Identifying lumps and bumps – yes we can!

It seems few things can instill panic in a pet owner like the discovery of a new lump or growth. Is it something cancerous that should be removed? Will it go away on its own? Is it benign and can stay?
Sure, I can give you an idea based on location, appearance, and feel. Sometimes this is not enough.
Therefore, it’s important to perform a “fine-needle aspirate and cytology”. Basically, I take a syringe (same size as we use for vaccines) and poke the lump in question, often in a couple places and from varying angles. I collect cells into the needle, which I then apply to a microscope slide. We use a series of stains to make the cells able to be visualized under the microscope.

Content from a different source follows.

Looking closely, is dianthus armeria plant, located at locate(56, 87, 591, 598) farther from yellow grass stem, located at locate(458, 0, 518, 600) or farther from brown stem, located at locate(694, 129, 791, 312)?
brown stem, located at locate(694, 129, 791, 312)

Growths that are fatty are very common and easy to diagnose! Some types of cancer love to show off, and they give me lots of cells to look at. Sometimes, I can tell you a lot by what I am NOT seeing! One family of tumors (sarcomas) do not give up their cells very easily, giving me few cells to observe. Regardless of the “generosity” of the growth, we can perform the aspirate and read the slide right in your home! It typically takes about 10 minutes for results.
While aspiration/cytology is a very useful tool, it is not 100% accurate (nothing ever is!). In rare occasions, the cells we see do not reflect what the mass actually is. This is particularly true in very large growths (bigger than a golfball). If I am concerned about something hiding “under the radar,” we’ll discuss options such as rechecking/ aspirating in a few weeks, or referral to a clinic for surgical biopsy.